GWR is a popular approach for investigating the spatial variation in relationships between response and predictor variables, and critically for investigating and understanding process spatial heterogeneity. The geographically weighted (GW) framework is increasingly used to accommodate different types of models and analyses, reflecting a wider desire to explore spatial variation in model parameters and outputs. However, the growth in the use of GWR and different GW models has only been partially supported by package development in both R and Python, the major coding environments for spatial analysis. The result is that refinements have been inconsistently included within GWR and GW functions in any given package. This paper outlines the structure of a new gwversepackage, that may over time replace GWmodel, that takes advantage of recent developments in the composition of complex, integrated packages. It conceptualizes gwverse as having a modular structure, that separates core GW functionality and applications such as GWR. It adopts a function factory approach, in which bespoke functions are created and returned to the user based on user-defined parameters. The paper introduces two demonstrator modules that can be used to undertake GWR and identifies a number of key considerations and next steps.

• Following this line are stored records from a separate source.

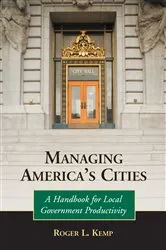 Book cover of Managing America's Cities by Roger L. Kemp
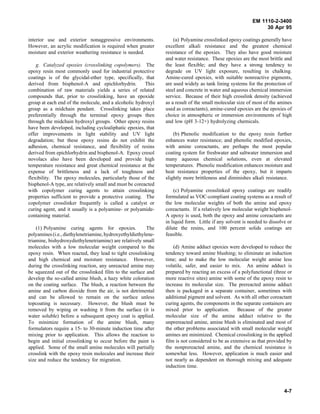 EM 1110-2-3400
                                                                                                               30 Apr 95

interior use and exterior nonaggressive environments.               (a) Polyamine crosslinked epoxy coatings generally have
However, an acrylic modification is required when greater       excellent alkali resistance and the greatest chemical
moisture and exterior weathering resistance is needed.          resistance of the epoxies. They also have good moisture
                                                                and water resistance. These epoxies are the most brittle and
    g. Catalyzed epoxies (crosslinking copolymers). The         the least flexible; and they have a strong tendency to
epoxy resin most commonly used for industrial protective        degrade on UV light exposure, resulting in chalking.
coatings is of the glycidal-ether type, specifically, that      Amine-cured epoxies, with suitable nonreactive pigments,
derived from bisphenol-A and epichlorhydrin.            This    are used widely as tank lining systems for the protection of
combination of raw materials yields a series of related         steel and concrete in water and aqueous chemical immersion
compounds that, prior to crosslinking, have an epoxide          service. Because of their high crosslink density (achieved
group at each end of the molecule, and a alcoholic hydroxyl     as a result of the small molecular size of most of the amines
group as a midchain pendant. Crosslinking takes place           used as coreactants), amine-cured epoxies are the epoxies of
preferentially through the terminal epoxy groups then           choice in atmospheric or immersion environments of high
through the midchain hydroxyl groups. Other epoxy resins        and low (pH 3-12+) hydrolyzing chemicals.
have been developed, including cycloaliphatic epoxies, that
offer improvements in light stability and UV light                  (b) Phenolic modification to the epoxy resin further
degradation; but these epoxy resins do not exhibit the          enhances water resistance; and phenolic modified epoxies,
adhesion, chemical resistance, and flexibility of resins        with amine coreactants, are perhaps the most popular
derived from epichlorhydrin and bisphenol-A. Epoxy cresol       coating system for freshwater and saltwater immersion and
novolacs also have been developed and provide high              many aqueous chemical solutions, even at elevated
temperature resistance and great chemical resistance at the     temperatures. Phenolic modification enhances moisture and
expense of brittleness and a lack of toughness and              heat resistance properties of the epoxy, but it imparts
flexibility. The epoxy molecules, particularly those of the     slightly more brittleness and diminishes alkali resistance.
bisphenol-A type, are relatively small and must be coreacted
with copolymer curing agents to attain crosslinking                 (c) Polyamine crosslinked epoxy coatings are readily
properties sufficient to provide a protective coating. The      formulated as VOC-compliant coating systems as a result of
copolymer crosslinker frequently is called a catalyst or        the low molecular weights of both the amine and epoxy
curing agent, and it usually is a polyamine- or polyamide-      coreactants. If a relatively low molecular weight bisphenol-
containing material.                                            A epoxy is used, both the epoxy and amine coreactants are
                                                                in liquid form. Little if any solvent is needed to dissolve or
    (1) Polyamine curing agents for epoxies.             The    dilute the resins, and 100 percent solids coatings are
polyamines (i.e., diethylenetriamine, hydroxyethyldiethylene-   feasible.
triamine, bishydroxydiethylenetriamine) are relatively small
molecules with a low molecular weight compared to the               (d) Amine adduct epoxies were developed to reduce the
epoxy resin. When reacted, they lead to tight crosslinking      tendency toward amine blushing; to eliminate an induction
and high chemical and moisture resistance. However,             time; and to make the low molecular weight amine less
during the crosslinking reaction, any unreacted amine may       volatile, safer, and easier to mix. An amine adduct is
be squeezed out of the crosslinked film to the surface and      prepared by reacting an excess of a polyfunctional (three or
develop the so-called amine blush, a hazy white coloration      more reactive sites) amine with some of the epoxy resin to
on the coating surface. The blush, a reaction between the       increase its molecular size. The prereacted amine adduct
amine and carbon dioxide from the air, is not detrimental       then is packaged in a separate container, sometimes with
and can be allowed to remain on the surface unless              additional pigment and solvent. As with all other coreactant
topcoating is necessary. However, the blush must be             curing agents, the components in the separate containers are
removed by wiping or washing it from the surface (it is         mixed prior to application.        Because of the greater
water soluble) before a subsequent epoxy coat is applied.       molecular size of the amine adduct relative to the
To minimize formation of the amine blush, many                  unprereacted amine, amine blush is eliminated and most of
formulators require a 15- to 30-minute induction time after     the other problems associated with small molecular weight
mixing prior to application. This allows the reaction to        amines are minimized. Chemical crosslinking in the applied
begin and initial crosslinking to occur before the paint is     film is not considered to be as extensive as that provided by
applied. Some of the small amine molecules will partially       the nonprereacted amine, and the chemical resistance is
crosslink with the epoxy resin molecules and increase their     somewhat less. However, application is much easier and
size and reduce the tendency for migration.                     not nearly as dependent on thorough mixing and adequate
                                                                induction time.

GWR是研究响应变量和预测变量之间关系的空间变异的一种流行方法,对于研究和理解过程的空间异质性至关重要。地理加权(GW)框架越来越多地用于适应不同类型的模型和分析,反映了探索模型参数和输出的空间变化的更广泛愿望。然而,空间分析的主要编码环境R和Python的包开发只部分支持GWR和不同GW模型使用的增长。结果是,在任何给定的包中,GWR和GW功能中的改进都不一致。本文概述了一个新的gwverpackack的结构,随着时间的推移,它可能会取代GWmodel,它利用了复杂集成包组合的最新发展。它将gwverse概念化为具有模块化结构,将核心GW功能和GWR等应用分开。它采用函数工厂方法,根据用户定义的参数创建定制函数并返回给用户。本文介绍了两个可用于进行GWR的演示模块,并确定了一些关键考虑因素和后续步骤。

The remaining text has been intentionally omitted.